(DATA PROVIDED begins)
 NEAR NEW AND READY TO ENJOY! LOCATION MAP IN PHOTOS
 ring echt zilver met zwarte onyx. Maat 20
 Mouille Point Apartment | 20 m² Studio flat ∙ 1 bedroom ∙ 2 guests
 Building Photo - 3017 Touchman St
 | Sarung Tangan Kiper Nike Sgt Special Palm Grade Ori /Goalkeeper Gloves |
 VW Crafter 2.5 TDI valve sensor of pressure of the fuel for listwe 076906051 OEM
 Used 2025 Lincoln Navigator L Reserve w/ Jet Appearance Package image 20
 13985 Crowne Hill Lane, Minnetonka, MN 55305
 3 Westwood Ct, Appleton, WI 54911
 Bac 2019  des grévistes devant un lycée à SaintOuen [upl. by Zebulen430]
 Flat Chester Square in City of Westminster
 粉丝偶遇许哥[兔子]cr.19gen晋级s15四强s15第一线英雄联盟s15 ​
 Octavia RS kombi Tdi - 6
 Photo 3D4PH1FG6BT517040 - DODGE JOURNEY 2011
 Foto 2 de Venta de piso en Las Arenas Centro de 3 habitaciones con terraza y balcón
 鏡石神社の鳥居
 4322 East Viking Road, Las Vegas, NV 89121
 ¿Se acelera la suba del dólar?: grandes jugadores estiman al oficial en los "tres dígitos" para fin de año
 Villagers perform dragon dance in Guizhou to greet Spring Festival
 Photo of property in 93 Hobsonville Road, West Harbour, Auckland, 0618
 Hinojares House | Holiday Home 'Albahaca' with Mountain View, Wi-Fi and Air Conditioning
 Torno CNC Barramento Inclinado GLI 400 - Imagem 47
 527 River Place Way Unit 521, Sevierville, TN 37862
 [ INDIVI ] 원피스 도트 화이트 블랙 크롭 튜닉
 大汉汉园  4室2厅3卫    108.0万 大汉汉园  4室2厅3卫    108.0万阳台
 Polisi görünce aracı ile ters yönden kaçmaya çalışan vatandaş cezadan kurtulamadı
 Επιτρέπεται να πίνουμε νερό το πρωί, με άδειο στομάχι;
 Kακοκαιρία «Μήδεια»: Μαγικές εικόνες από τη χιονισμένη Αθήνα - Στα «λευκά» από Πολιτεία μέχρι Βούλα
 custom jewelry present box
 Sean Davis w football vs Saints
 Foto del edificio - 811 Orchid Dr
(DATA PROVIDED ends)
■ **BRIEF**:
Return, from the data above, each line in which the string "Road" appears.

■ **PROBLEM SOLUTION**:
 4322 East Viking Road, Las Vegas, NV 89121
 Photo of property in 93 Hobsonville Road, West Harbour, Auckland, 0618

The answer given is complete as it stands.